Moreover, a sleeping-drug did not last for ever, and either Thoms or Miss Pye might have woken up in the early hours of the morning, and still had time to commit the theft. Stone might simply have kept the poison and used it himself. All the same, Messenger had been out of his room; and if he had been with Truda, surely to God she would admit it when his very life was at stake … Even if he would not give her away, surely she would refuse to let him be accused of murder.
But Truda, white and shaking, kept her silence, and into that deathly vacuum Dickinson played his trump card. ‘Mr Messenger—how much money have you in the bank?’
Julian’s nervous hands were suddenly still. He said at last: ‘Not much.’
‘Fifty pounds?’
‘You seem very well informed! Yes—fifty pounds.’
‘I am very well informed,’ said Dickinson quietly. ‘I know that two days before Winson’s death you had three hundred pounds in your bank, and Winson had nothing in his. But that after he died he was found to have two hundred and fifty in his; and you had fifty in yours. It seems a coincidence.’
Julian began to grow angry and some of his colour came back. He said: ‘Why the cat-and-mouse stuff? You must have seen my cheque passed through the Daunton bank.’
He shrugged hopelessly, and then continued:
‘I drew out two hundred and fifty pounds in cash and gave it to Winson on the Tuesday. He spoke to me at Lady Templeton’s dance, and I agreed to—to lend it to him.’ Having spoken, he straightened his shoulders with the air of a man who has picked up the burden and means to carry it on with him after all.
‘If it were merely a loan, why didn’t you just give him a cheque?’
Julian shrugged. ‘He said he preferred it in cash.

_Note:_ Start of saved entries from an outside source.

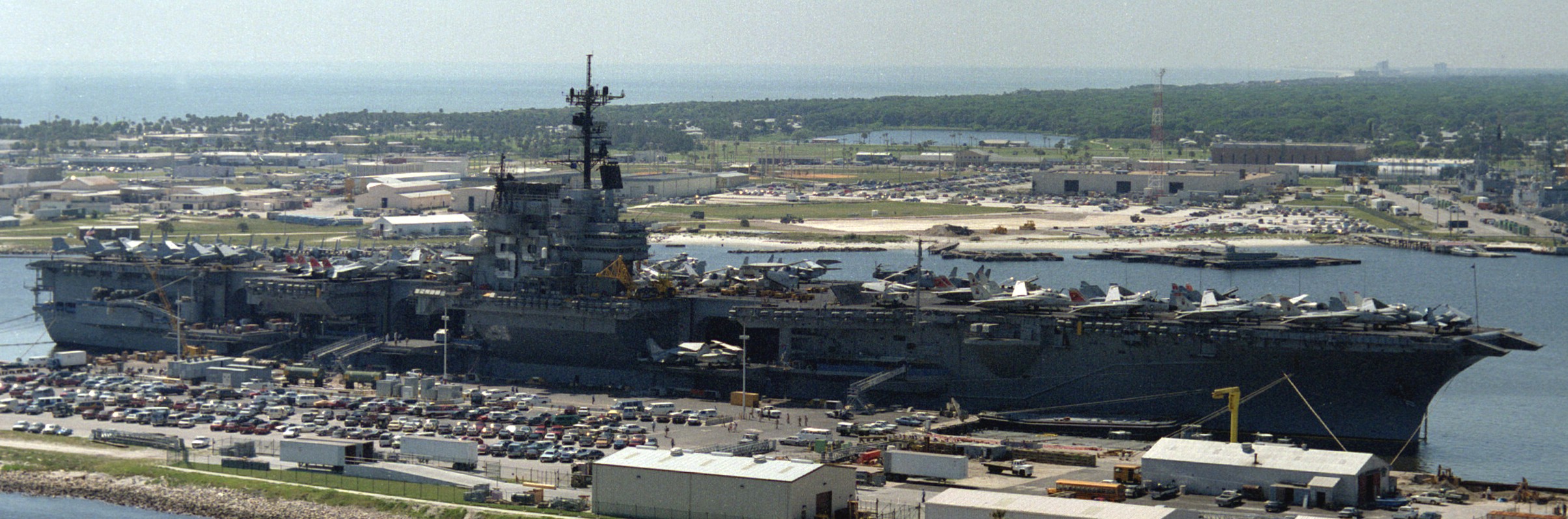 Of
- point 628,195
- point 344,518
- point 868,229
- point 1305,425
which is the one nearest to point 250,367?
point 344,518

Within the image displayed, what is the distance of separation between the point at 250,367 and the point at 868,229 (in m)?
78.7

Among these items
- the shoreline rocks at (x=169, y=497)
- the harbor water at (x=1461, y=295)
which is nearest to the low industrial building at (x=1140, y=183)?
the harbor water at (x=1461, y=295)

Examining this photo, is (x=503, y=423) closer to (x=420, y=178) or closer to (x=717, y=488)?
(x=717, y=488)

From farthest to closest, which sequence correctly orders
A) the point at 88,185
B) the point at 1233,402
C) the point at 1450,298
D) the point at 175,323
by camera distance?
1. the point at 88,185
2. the point at 1450,298
3. the point at 175,323
4. the point at 1233,402

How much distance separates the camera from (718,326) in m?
64.1

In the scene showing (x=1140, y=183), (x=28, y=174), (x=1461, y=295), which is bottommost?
(x=28, y=174)

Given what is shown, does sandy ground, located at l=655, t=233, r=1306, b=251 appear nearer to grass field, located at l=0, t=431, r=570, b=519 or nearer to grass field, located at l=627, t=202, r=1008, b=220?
grass field, located at l=627, t=202, r=1008, b=220

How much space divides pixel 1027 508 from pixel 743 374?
1940cm

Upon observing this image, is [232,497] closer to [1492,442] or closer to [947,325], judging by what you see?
[947,325]

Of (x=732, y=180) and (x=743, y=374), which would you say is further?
(x=732, y=180)

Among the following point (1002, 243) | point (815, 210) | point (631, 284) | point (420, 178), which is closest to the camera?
point (631, 284)

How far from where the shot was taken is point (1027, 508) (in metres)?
39.7

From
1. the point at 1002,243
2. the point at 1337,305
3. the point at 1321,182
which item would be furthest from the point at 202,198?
the point at 1337,305

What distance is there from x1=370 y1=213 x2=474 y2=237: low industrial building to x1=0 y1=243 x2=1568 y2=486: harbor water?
15.2 metres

I don’t know why.’
‘I think I know why,’ said Dickinson. ‘Blackmailers don’t like cheques.’
‘Blackmail?’ said Julian uncertainly.
‘Yes, blackmail. Winson came to you at the dance and told you he had persuaded his stepdaughter to bring action against you for breach of promise. You paid him all you had, to stop his mouth.’
Truda sat with clenched hands, white and sick.
‘If you think two hundred and fifty pounds would stop Winson’s mouth, you must be a fool,’ said Julian calmly to Dickinson. ‘There was a great deal more to be made out of an action for breach of promise.’
‘He knew he’d never succeed in such an action. It was all just a threat. But you’d pay the earth to keep Miss Deane’s name out of such a mess.’
‘Yes, I would,’ said Julian. ‘But I don’t happen to have the earth.’
‘No. Winson began to realize that. You had the reputation of being wealthy, Mr Messenger, but the money was a trust, left for your education, and it finished when you came down from the University. You told Winson that. He decided to take what he could get.’